People often ask about MLM/direct selling’s history with the government. It’s a long history. At times it’s been bad, and then it has been good. Then it has been bad. Then good. It’s been somewhat reciprocal. Multilevel marketing, and the industry, basically began in the 1950s with Mary Kay, Shaklee and Amway. Imposters came along in the 1960s, operating pyramid schemes, namely the Dare To Be Great program in which people were recruited to get people to seminars where they would pay large sums of money. In turn those people would recruit others and get them to pay money. This caused the Federal Trade Commission (FTC) to take a look at our industry.

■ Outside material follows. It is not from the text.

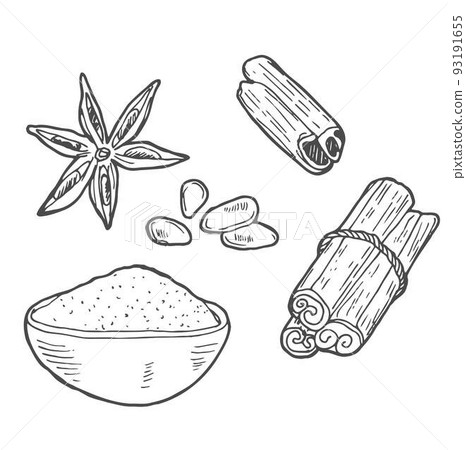 Vector illustration of a square format. Spices. For menus, coffee houses, postcards, print. Cinnamon sticks, star anise, cloves. Lineart on a white background. Banner. 93191655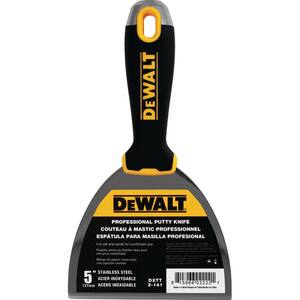 5 in. Stainless Steel Putty Knife with Soft Grip Handle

In 1975, the FTC charged Amway with being an illegal pyramid scheme. In 1979, after four years of litigation an administrative law judge from the FTC ruled that Amway was indeed a legitimate business opportunity for mainly three reasons. One, it emphasized retail sales to the public, two, it had a process for repurchase of inventory for people who wanted to leave the business, and three, it adopted what is called the “70 Percent Rule” by asking people to not buy more products unless they have either used them or sold them. That decision and those standards became known as the “Amway Safeguards” and have served the industry very well for many years. Since that time, we’ve had on and off bouts with the FTC about the personal use of product by distributors. There will always be some tension between the industry and the government. There is even tension in other areas of government. In 1982, the IRS recognized independent contractor status of distributors and the states, one after another, starting in the 1990s, specifically amended their multilevel and pyramid statutes to recognize personal use as a legitimate end-destination for product just like the sales of product to nonparticipant retail customers. In fact, in a 2004 FTC Staff Advisory Opinion, the FTC actually recognized the validity of personal use by distributors so long as the purchases of product are founded on the actual desire for the product as opposed to pyramid schemes in which distributor purchases are often primarily to merely qualify in the business opportunity.  Said the FTC, “…the purchase of goods and services is not merely incidental to the right to participate in a money-making venture, but rather the very reason participants join the program.”

Overall we have been on an upward trend in terms of our relationships with government. I frequently will lecture at either a university or at industry trade association meetings or legal conferences. On the panel with me, either at my invitation or in collaboration, will be representatives from attorney general offices, the FTC and the IRS. We see more and more cooperation occurring every day.